Sox17 Regulates Liver Lipid Metabolism and Adaptation to Fasting

DOI Web Site PubMed 1 Citations 36 References Open Access

Bibliographic Information

Published
2014-08-20
Resource Type
journal article
Rights Information
  • http://creativecommons.org/licenses/by/4.0/
DOI
  • 10.1371/journal.pone.0104925
Publisher
Public Library of Science (PLoS)

Description

Liver is a major regulator of lipid metabolism and adaptation to fasting, a process involving PPARalpha activation. We recently showed that the Vnn1 gene is a PPARalpha target gene in liver and that release of the Vanin-1 pantetheinase in serum is a biomarker of PPARalpha activation. Here we set up a screen to identify new regulators of adaptation to fasting using the serum Vanin-1 as a marker of PPARalpha activation. Mutagenized mice were screened for low serum Vanin-1 expression.
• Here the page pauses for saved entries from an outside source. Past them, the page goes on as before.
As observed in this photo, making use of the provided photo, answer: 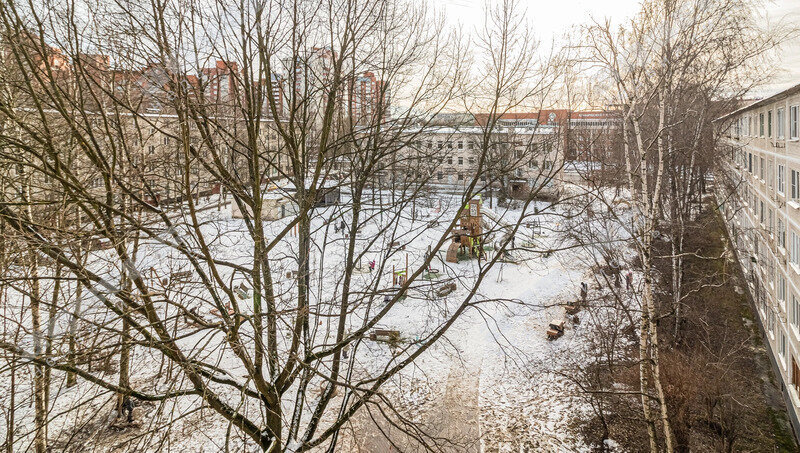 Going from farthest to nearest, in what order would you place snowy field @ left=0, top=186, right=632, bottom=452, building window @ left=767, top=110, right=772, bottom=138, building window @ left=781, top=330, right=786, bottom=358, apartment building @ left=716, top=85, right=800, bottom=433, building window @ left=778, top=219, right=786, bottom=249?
1. building window @ left=767, top=110, right=772, bottom=138
2. building window @ left=778, top=219, right=786, bottom=249
3. building window @ left=781, top=330, right=786, bottom=358
4. apartment building @ left=716, top=85, right=800, bottom=433
5. snowy field @ left=0, top=186, right=632, bottom=452

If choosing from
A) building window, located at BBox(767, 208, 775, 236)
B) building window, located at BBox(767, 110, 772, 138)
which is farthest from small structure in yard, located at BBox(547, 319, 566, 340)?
building window, located at BBox(767, 110, 772, 138)

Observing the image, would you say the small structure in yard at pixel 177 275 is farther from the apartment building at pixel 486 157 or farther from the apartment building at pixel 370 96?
the apartment building at pixel 370 96

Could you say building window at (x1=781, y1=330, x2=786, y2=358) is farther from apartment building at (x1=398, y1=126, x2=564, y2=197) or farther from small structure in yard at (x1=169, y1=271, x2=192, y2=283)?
small structure in yard at (x1=169, y1=271, x2=192, y2=283)

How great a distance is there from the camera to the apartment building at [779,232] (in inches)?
391

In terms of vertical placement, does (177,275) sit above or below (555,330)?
above

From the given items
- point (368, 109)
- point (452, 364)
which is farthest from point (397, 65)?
point (452, 364)

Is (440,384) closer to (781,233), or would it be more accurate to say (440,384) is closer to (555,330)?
(555,330)

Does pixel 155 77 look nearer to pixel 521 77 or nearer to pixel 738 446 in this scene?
pixel 521 77

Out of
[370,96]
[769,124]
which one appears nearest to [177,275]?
[370,96]

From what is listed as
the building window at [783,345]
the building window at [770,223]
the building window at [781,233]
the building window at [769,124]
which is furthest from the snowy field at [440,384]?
the building window at [769,124]

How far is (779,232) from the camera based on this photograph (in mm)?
12258

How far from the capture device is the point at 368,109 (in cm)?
659

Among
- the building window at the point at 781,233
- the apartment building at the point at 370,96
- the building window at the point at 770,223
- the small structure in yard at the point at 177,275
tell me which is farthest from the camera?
the building window at the point at 770,223

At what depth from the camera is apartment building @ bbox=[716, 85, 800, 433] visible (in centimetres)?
994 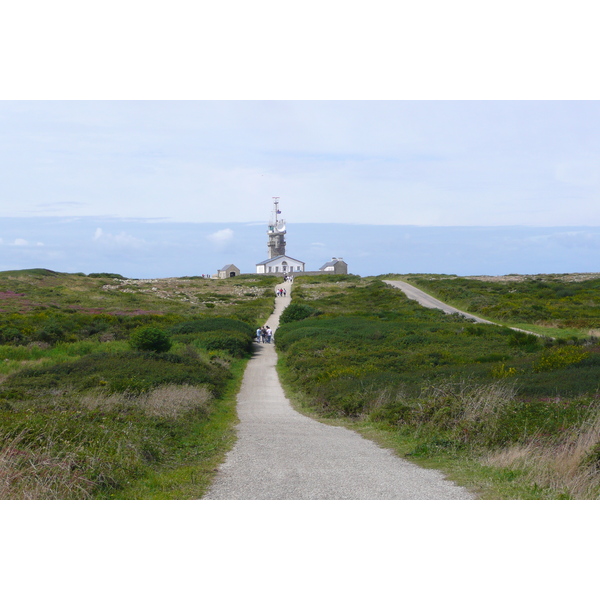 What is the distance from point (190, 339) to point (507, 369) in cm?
2144

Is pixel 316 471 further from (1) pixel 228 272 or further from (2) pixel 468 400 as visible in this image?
(1) pixel 228 272

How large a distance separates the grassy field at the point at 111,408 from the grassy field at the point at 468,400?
3.63 meters

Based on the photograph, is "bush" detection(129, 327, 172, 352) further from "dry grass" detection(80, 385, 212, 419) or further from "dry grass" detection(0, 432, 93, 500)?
"dry grass" detection(0, 432, 93, 500)

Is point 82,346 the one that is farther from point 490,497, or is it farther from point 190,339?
point 490,497

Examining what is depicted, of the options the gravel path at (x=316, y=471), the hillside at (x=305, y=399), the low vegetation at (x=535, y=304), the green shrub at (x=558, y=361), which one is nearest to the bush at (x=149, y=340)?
the hillside at (x=305, y=399)

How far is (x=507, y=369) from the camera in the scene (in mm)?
18469

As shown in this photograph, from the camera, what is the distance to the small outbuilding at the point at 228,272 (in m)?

Functional interactions with PPARalpha were investigated by combining transcriptomic, biochemical and metabolic approaches. We characterized a new mutant mouse in which hepatic and serum expression of Vanin-1 is depressed. This mouse carries a mutation in the HMG domain of the Sox17 transcription factor. Mutant mice display a metabolic phenotype featuring lipid abnormalities and inefficient adaptation to fasting. Upon fasting, a fraction of the PPARα-driven transcriptional program is no longer induced and associated with impaired fatty acid oxidation. The transcriptional phenotype is partially observed in heterozygous Sox17+/- mice. In mutant mice, the fasting phenotype but not all transcriptomic signature is rescued by the administration of the PPARalpha agonist fenofibrate. These results identify a novel role for Sox17 in adult liver as a modulator of the metabolic adaptation to fasting.

Journal

  • PLoS ONE

    PLoS ONE 9 (8), e104925-, 2014-08-20

    Public Library of Science (PLoS)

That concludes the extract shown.